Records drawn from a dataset
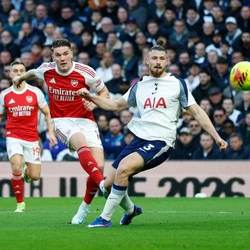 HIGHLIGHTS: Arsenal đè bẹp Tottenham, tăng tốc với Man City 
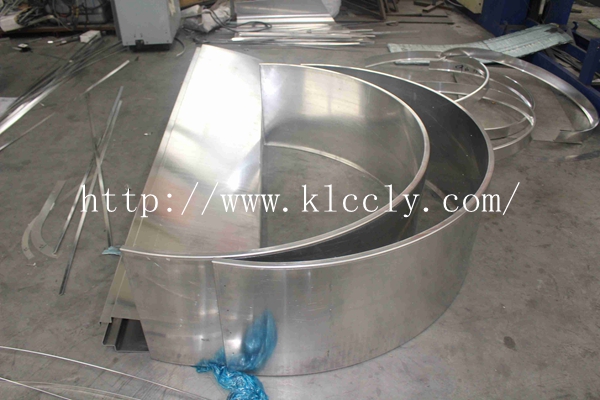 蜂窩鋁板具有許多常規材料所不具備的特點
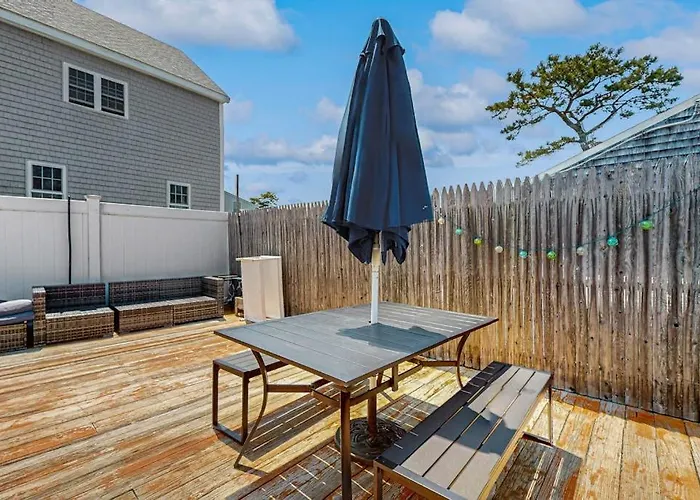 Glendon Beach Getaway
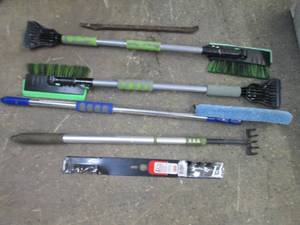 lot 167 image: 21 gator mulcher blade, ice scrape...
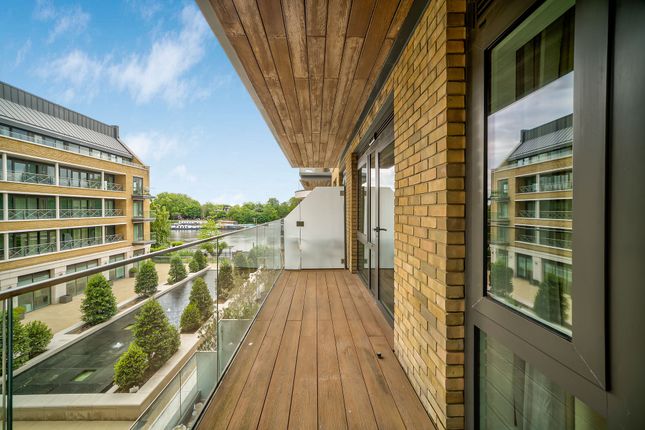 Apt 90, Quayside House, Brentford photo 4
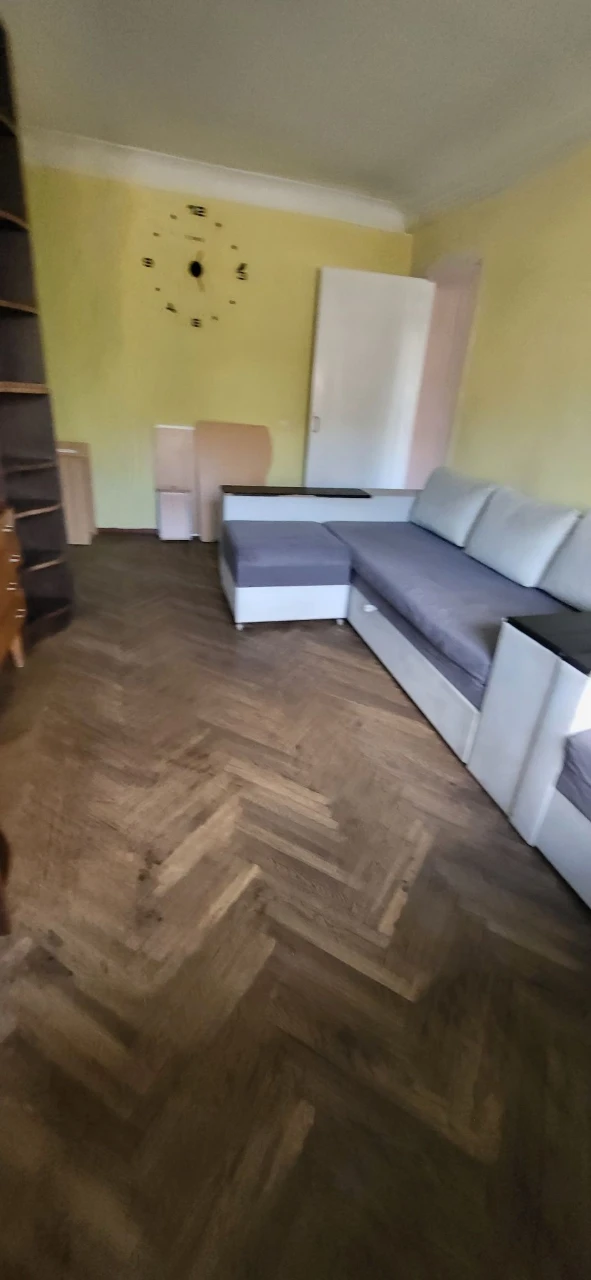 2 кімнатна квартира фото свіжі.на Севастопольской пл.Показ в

# [Problem to solve]
The entries are to be written out again exactly, without their pictures.

# [Solution to this task]
 HIGHLIGHTS: Arsenal đè bẹp Tottenham, tăng tốc với Man City 
 蜂窩鋁板具有許多常規材料所不具備的特點
 Glendon Beach Getaway
 lot 167 image: 21 gator mulcher blade, ice scrape...
 Apt 90, Quayside House, Brentford photo 4
 2 кімнатна квартира фото свіжі.на Севастопольской пл.Показ в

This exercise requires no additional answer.